Emma Hardy was brought up in the East Riding – a few miles from the seat of Hull West and Haltemprice that she now represents in Parliament. She attended the local Wyke College in Bricknell for her sixth-form studies before going further afield (Leeds and Liverpool) to train as a teacher. It wasn’t long before she was back home, however, teaching at Willerby Carr Lane Primary School – a school she taught at for over ten years.
It was teaching that led her into politics. After graduating in 2001 she started teaching in 2004, but by 2011 she decided that she had better start fighting to defend the type of education that she valued. She wanted to defend an education system that gave all people of all ages the chance to make a better life for themselves just like the chance education had given her Dad. He’d left school with few qualifications but gone back to college later on in life to become a head teacher. His route out of poverty – education – was a route he shared with his brothers but in the austere climate post-2008, it was an education system that the then Education Secretary Michael Gove was tearing down.
So, in 2011 Emma got political.

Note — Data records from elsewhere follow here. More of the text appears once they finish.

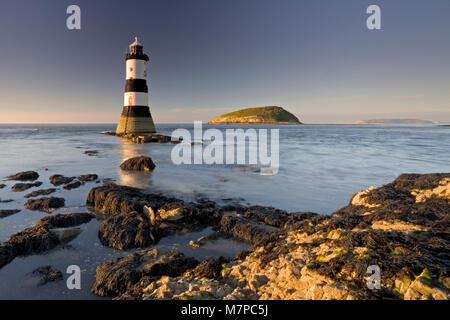Penmon Point phare et l'île d'Anglesey, macareux, côte Nord du Pays de Galles avec des roches couvertes d'algues à marée basse Banque D'Images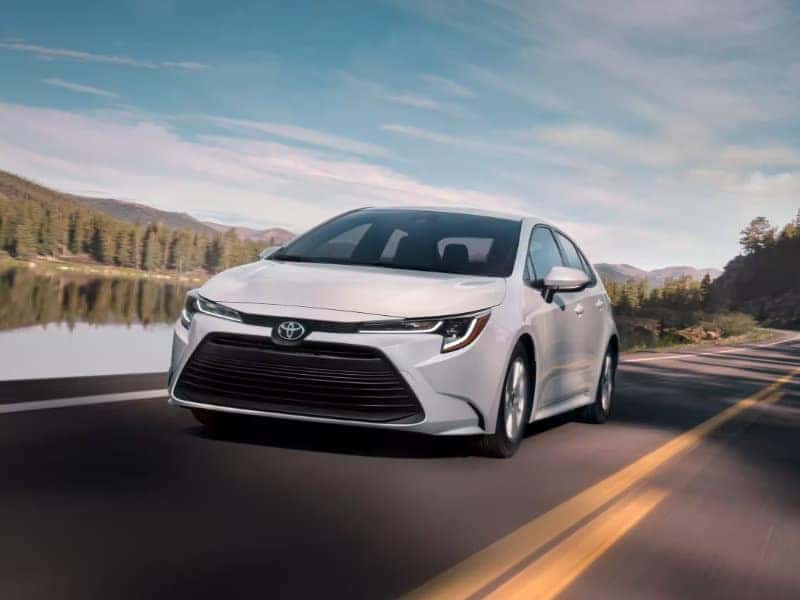 The new economical Toyota Corolla Hybrid near Natchitoches LA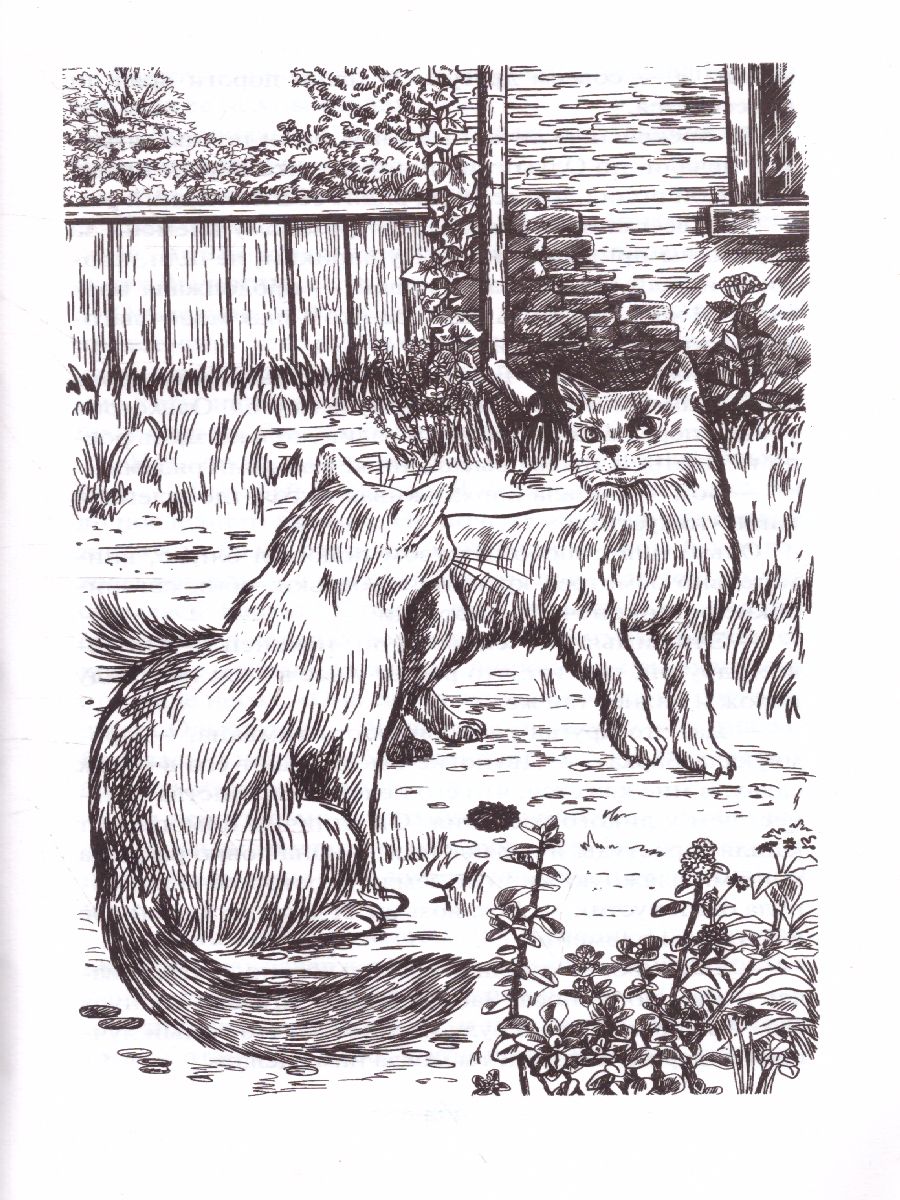 Обложка Коты-воители. Огненная река (цикл "Видение теней"), издательство Просвещение/Союз                                   | купить в книжном магазине Рослит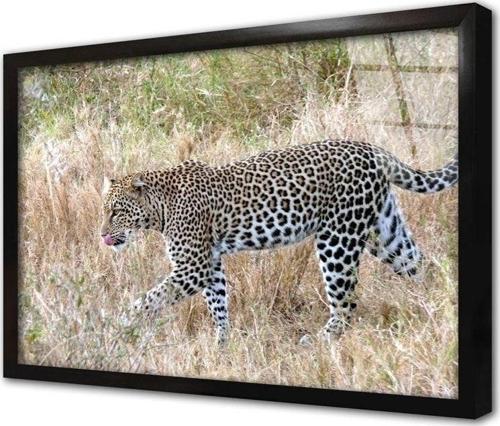Vahşi Doğa Kaplan Çerçeveli Cam Tablo 60x90 cm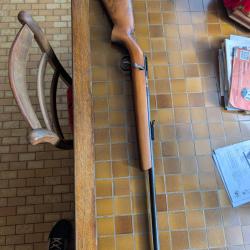 22 long rifle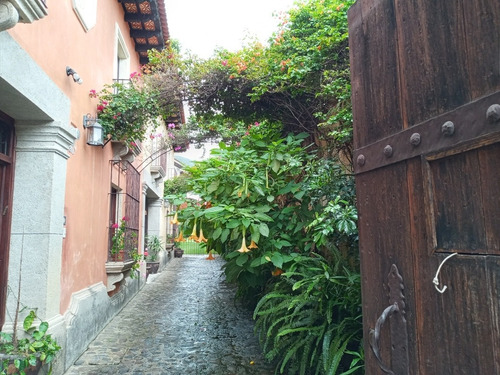 Imagen 1 de 12 de Apartamento De 2 Habitaciones En La Antigua Guatemala 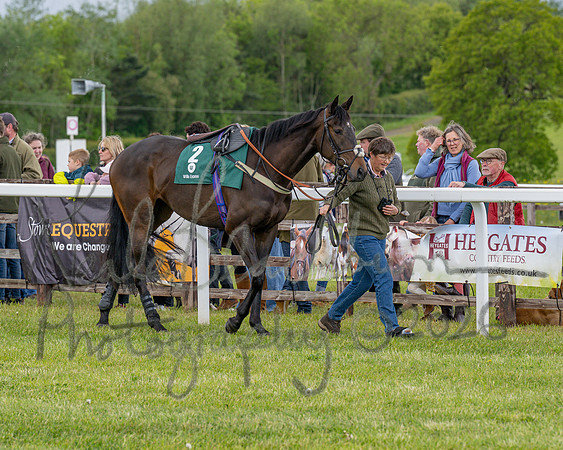 Race 2 - Maiden (15 of 118)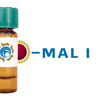 Maackia amurensis Lectin (MAA/MAL I) - Colloidal Gold
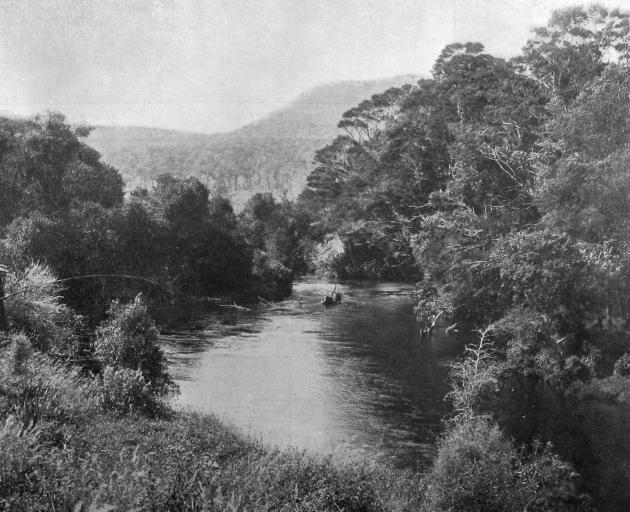 A picturesque view of the Tahakopa River, Catlins District, a spot favoured by anglers. — Otago...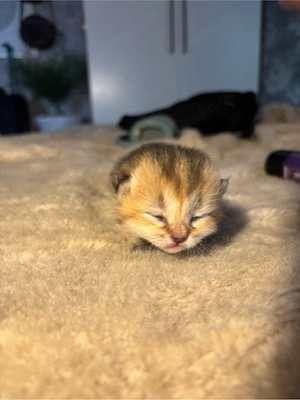 Süße British-Kurzhaar Langhaar-Kitten suchen ein liebevolles Zuhause   
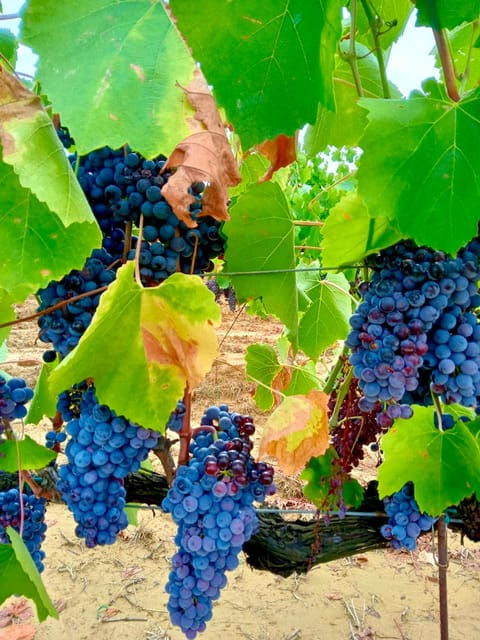 Florence: Countryside Tour With Wine Tasting & Pasta Class - A Journey Through Organic Tuscan Wines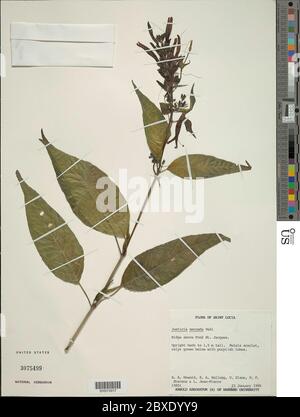 Justicia secunda Vahl Justicia secunda Vahl. Foto Stock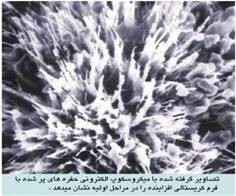 تصاویر گرفته شده بامیکوسکوبالکترونی‌حفره های‌پر شده بافرم کریستالی افزاینده رادر مراحل اولیه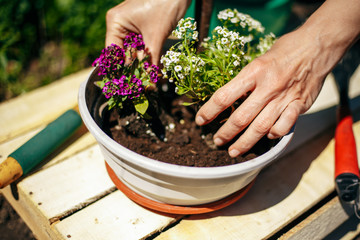 Closeup of woman's hands holding and adjusting two flowers just being transplanted into a pot. Gardener with purple and whote flowers on a sunny day. Horticulture and home garden concept.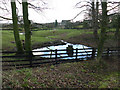 Pond, Home Farm, East Carlton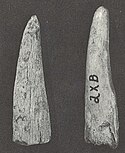 Antler projectile points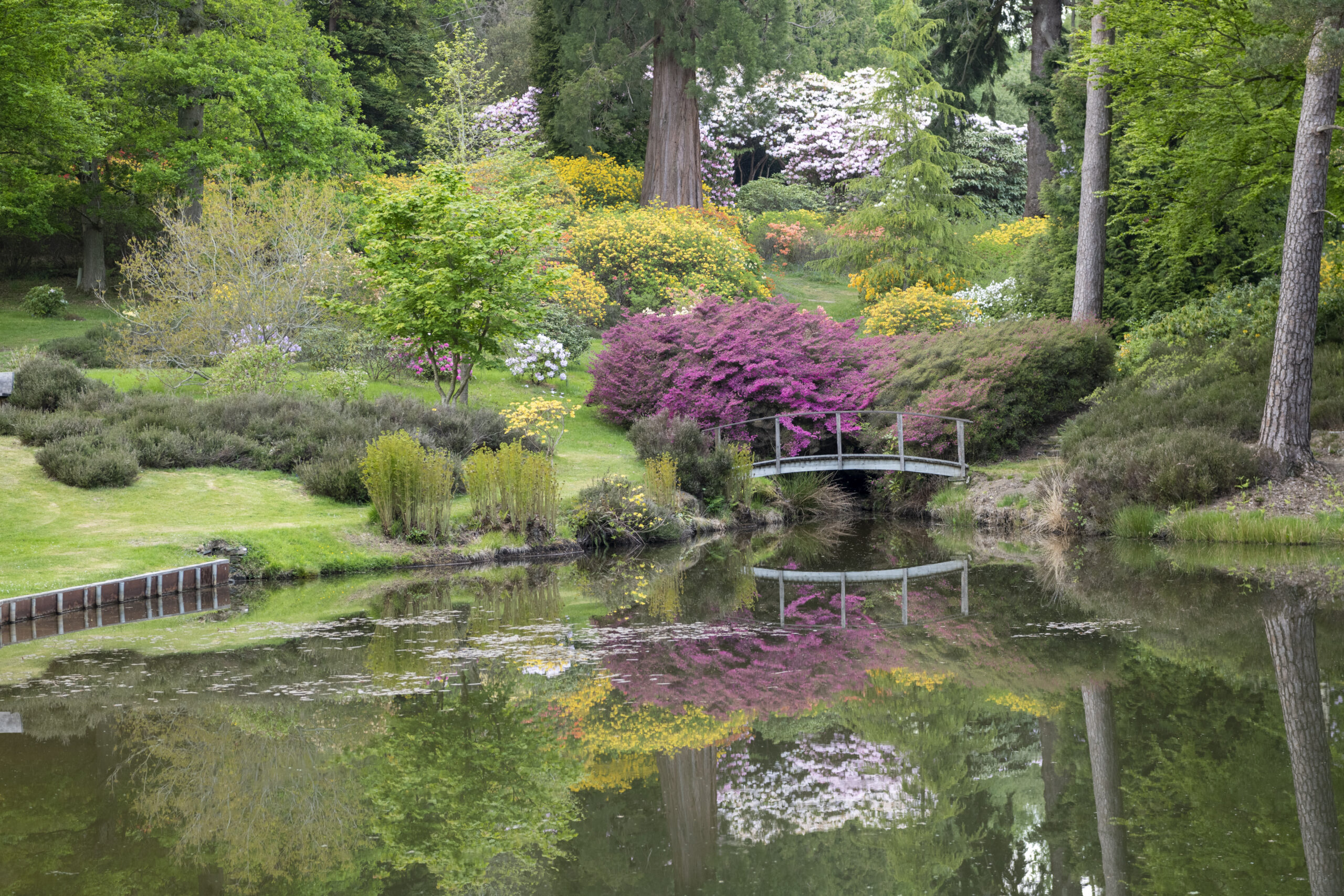 Wedding Venue in West Sussex - The Hyde Estate Wild Garden Handcross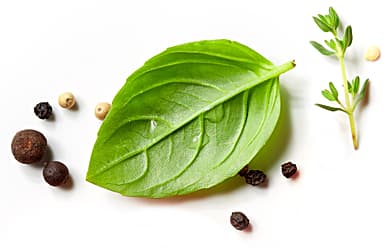 A photo of a fresh sprig of thyme, a basil leaf, and an assortment of red, black and white peppercorns.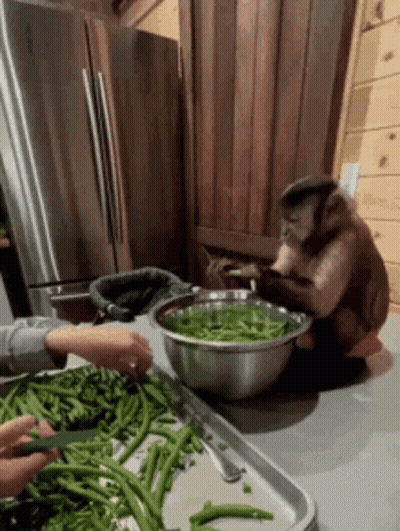 Monkey Sitting On Counter Eating Green Beans While Person Cuts Them GIF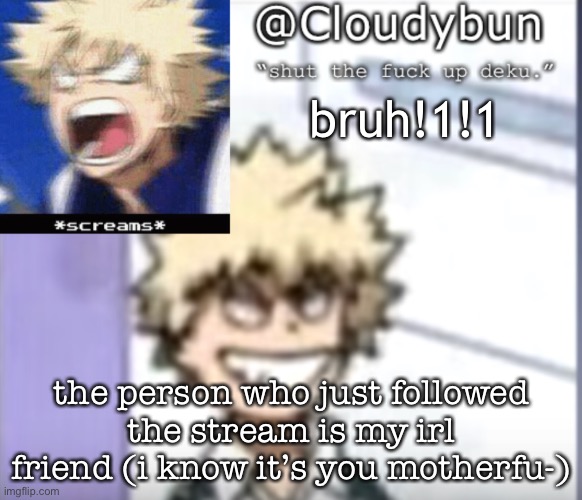 Bakuhoe | bruh!1!1; the person who just followed the stream is my irl friend (i know it’s you motherfu-) | image tagged in bakuhoe | made w/ Imgflip meme maker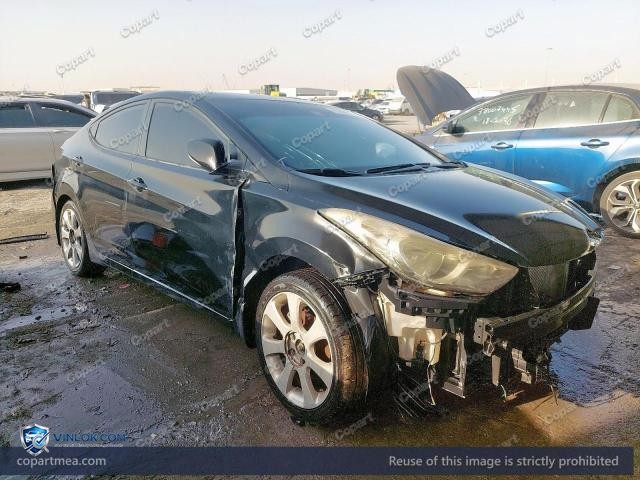 Auction photo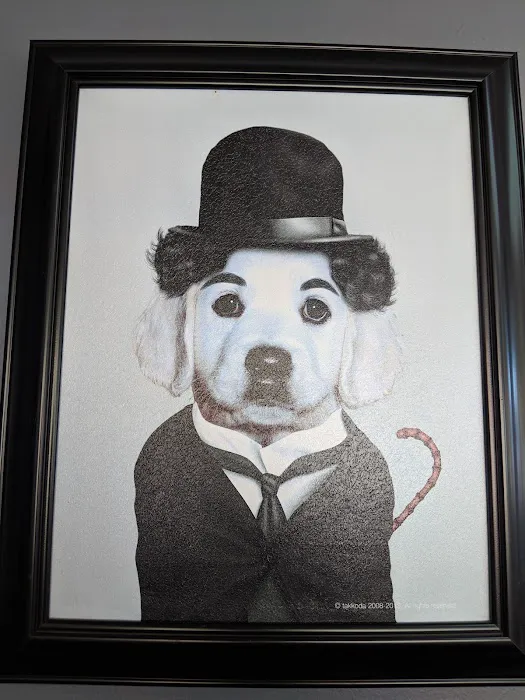 Crescenta Valley Veterinary Hospital Picture 5
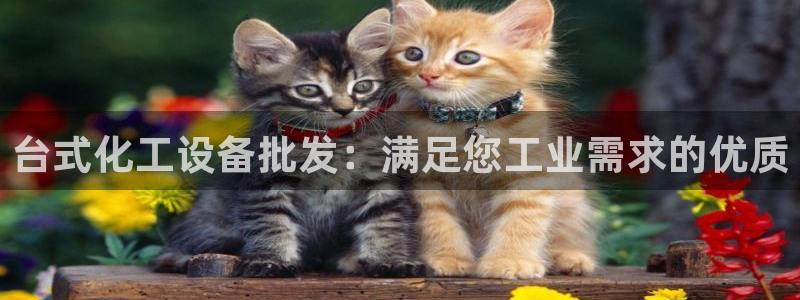 新城平台登录入口官网下载手机版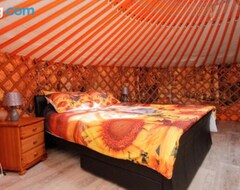 Toàn bộ căn nhà/căn hộ Colourful Mongolian Yurt Enjoy A New Experience (Turriff, Vương quốc Anh)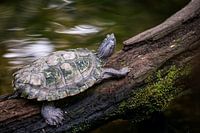 Tortues sur un tronc dans une rivière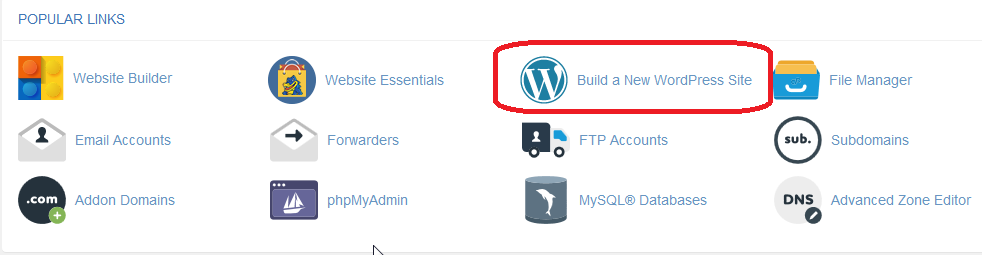 select Build a New WordPress Site in your cpanel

She joined a campaign protesting against school cuts and met Alan Johnson, the then MP for Hull West and Hessle, to hand him a petition. In 2015 she left teaching to become a full-time organiser for the National Union of Teachers in order to put all her efforts into fighting for the resources that schools and colleges need.
In the 2017 snap election, she was nominated as the Labour candidate for Hull West and Hessle and took the seat with a majority of 8,025. Since her election, Emma has been able to actively pursue her passion for a stronger, better-funded education system in the House of Commons chamber and on the Education Select Committee. In addition to her funding campaigns, she has also challenged the Government to ban informal exclusions worked in support of the teaching of oracy (fluency in spoken communication) and promoted the benefits of a broad curriculum which includes the arts, music and sports.
Her first campaign after being elected was to secure the funding for the A63 Castle Street development and prevent any further delays and ensure the bridge was built as earlier as possible. Following years and years of delays to the project, the building of the bridge started in October 2018 and the A63 was on course to begin in March 2020.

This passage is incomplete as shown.